Desjardins announced its Ajusto auto product last May. It uses telematics technology from iMetrik Solutions and can be used mainly on vehicles made in or after 1998, with limited exceptions. The iMetrik device plugs into the vehicle’s diagnostic port and it collects data such as distance travelled, hard braking and acceleration and the time of day the vehicle is driven.

DGIG reported last November that about 38,000 customers had enrolled in its Ajusto and Intelauto usage-based auto insurance programs.

In Ontario, Alberta and Quebec, DGIG provides auto, property, pet, motorcycle and recreational vehicle coverage. In Quebec, DGIG also provides business insurance, including auto, property, equipment breakdown, loss of business income and liability. As of the third quarter of 2013, when it last released complete financial results, DGIG had 3,700 employees across Canada, with more than 2.1 million policies in force.

Desjardins Group also owns High River, Alta.-based Western Financial Group Inc., which in turn owns a broker network in British Columbia, Alberta, Saskatchewan and Manitoba. Western also operates Western Direct Insurance, a pet insurance carrier (Western Financial Insurance Company) and Western Life (originally the Canadian arm of Federated Mutual).

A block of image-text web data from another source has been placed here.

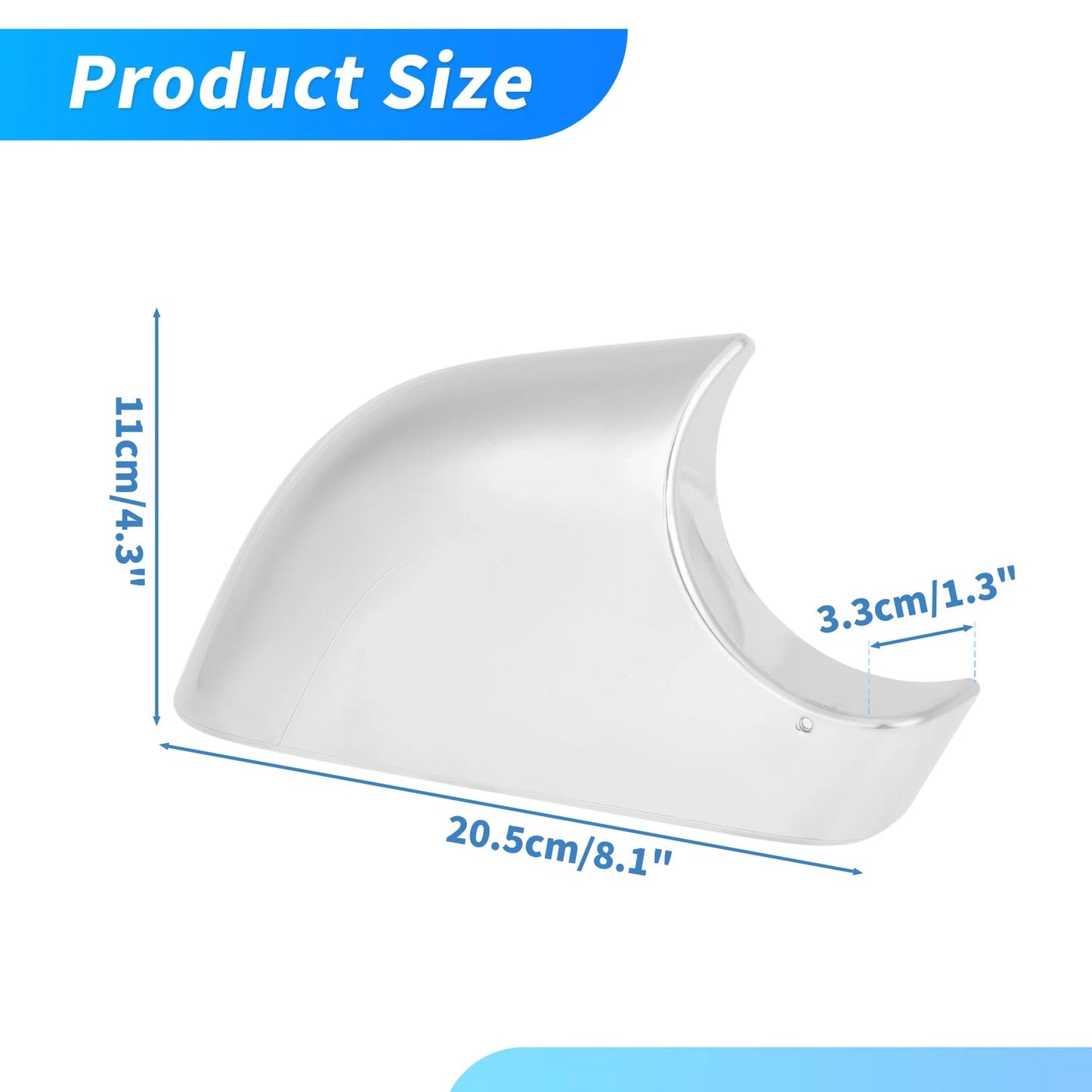 Right Passenger Side Mirror Lower Cover for Tesla Model 3 (2017-2024)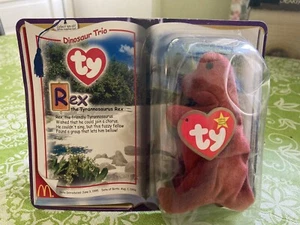 TY McDonald's Teenie Beanie Baby Rex the Tyrannosaurus Rex Dinosaur with tag - Picture 1 of 2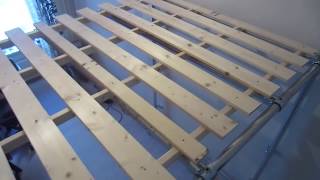 Building a loft bed out of steel pipe and clamps [upl. by Hayidah]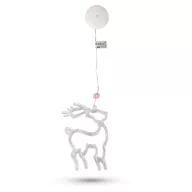 Karácsonyi LED-es ablakdísz szarvas, 20cm, elemes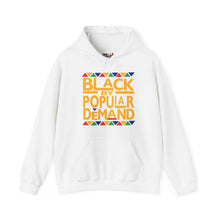 Load image into Gallery viewer, Black By Popular Demand Heavy Blend Unisex Hoodie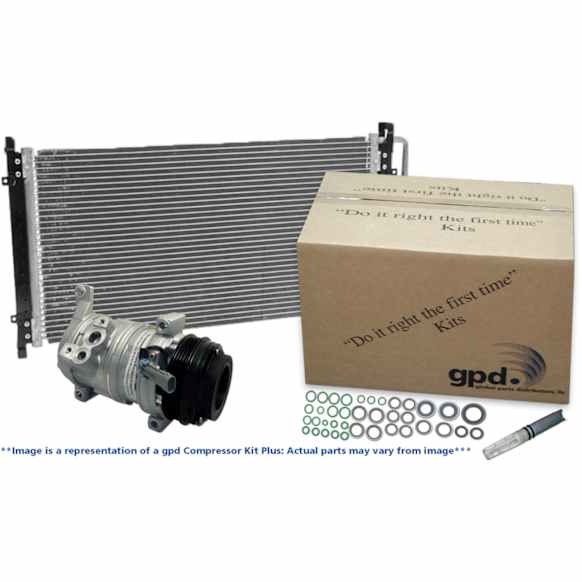 9642811A A/C Compressor, With Clutch, 2.0L, 4Cyl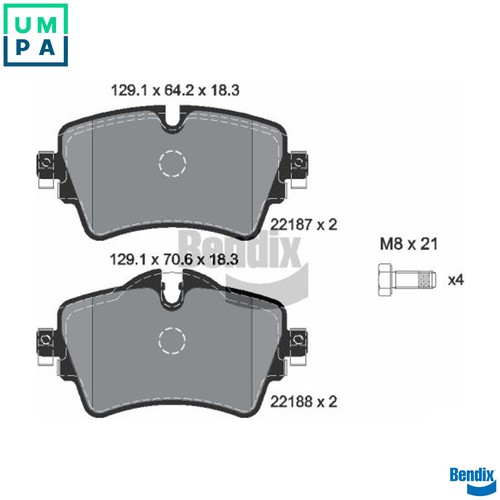 Brake pad set disc - pad,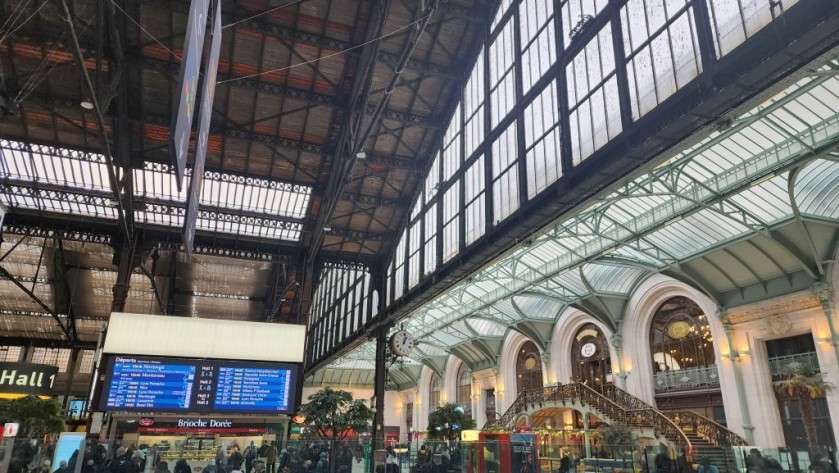 A general view of Hall 1 in Paris Lyon station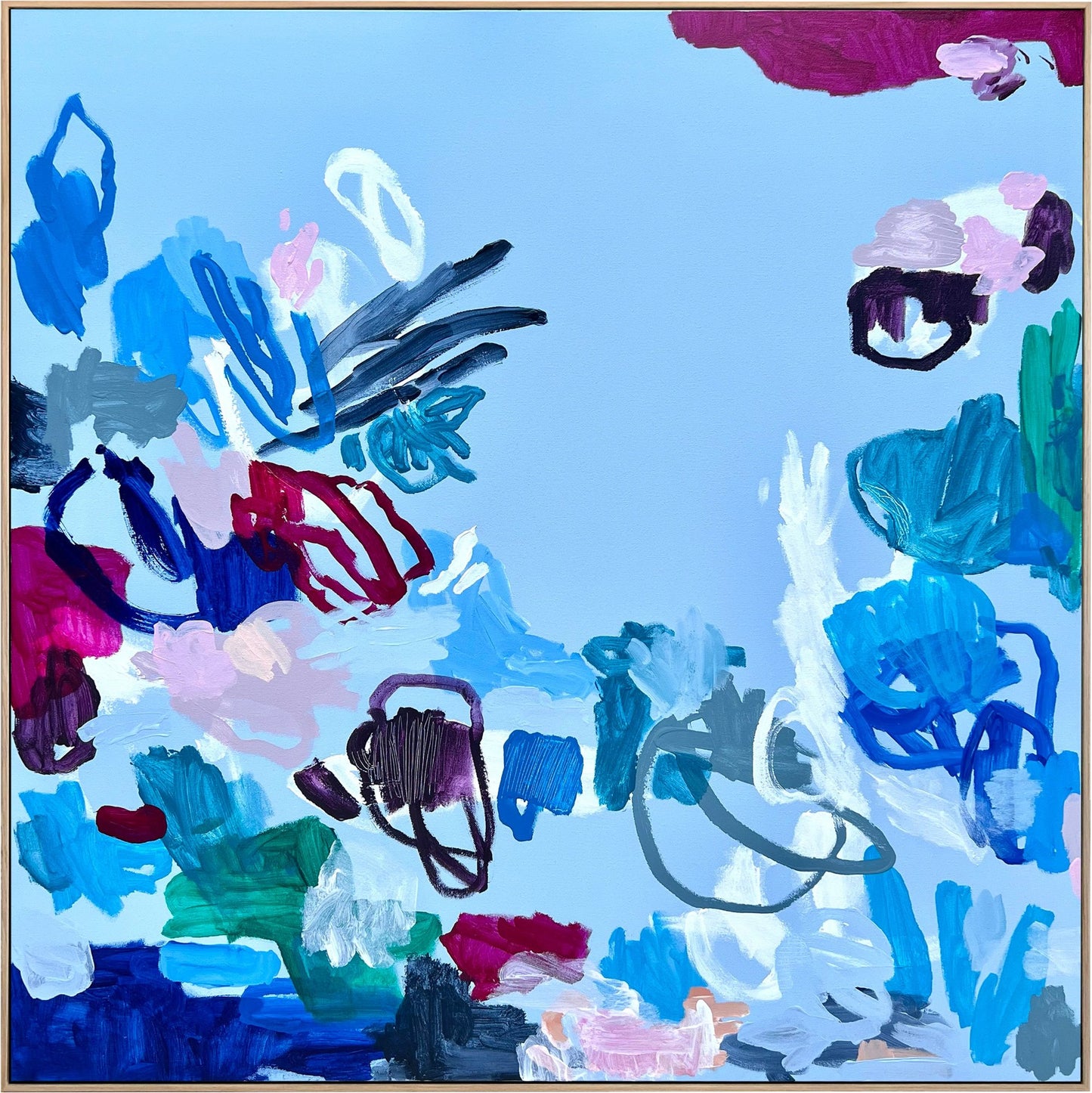 Western Australian artist | large colourful painting | modern art | Perth artist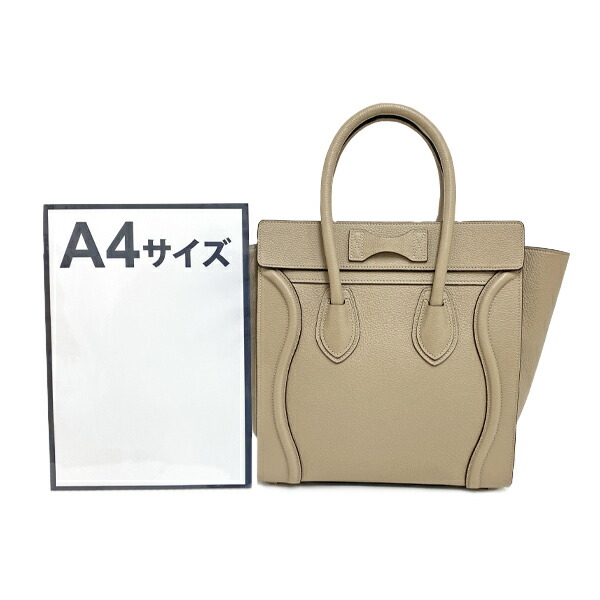 楽天市場】[中古] セリーヌ ラゲージ マイクロ ハンドバッグ トート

On Jan. 14, Desjardins announced it had entered into a definitive agreement to acquire State Farm Canada’s property and casualty business. That transaction, which is expected to close in 2015, would also include State Farm’s life insurance, mutual fund, loan and living benefits operations in Canada. Desjardins plans to continue operating those operations under the State Farm brand. Desjardins announced at the time that French financial services provider Credit Mutuel plans to invest $200 million in Desjardins while State Farm would invest $450 million in non-voting preferred shares.

“Once completed, this transaction between three major cooperative and mutual organizations will almost double DGIG’s premium volume across the country,” stated Sylvie Paquette, DGIG’s president and chief operating officer, in the press release March 13, 2014. “As a result, our P&C insurance group will jump from the seventh to the second spot in the industry, with close to $4 billion in direct written premium volume.”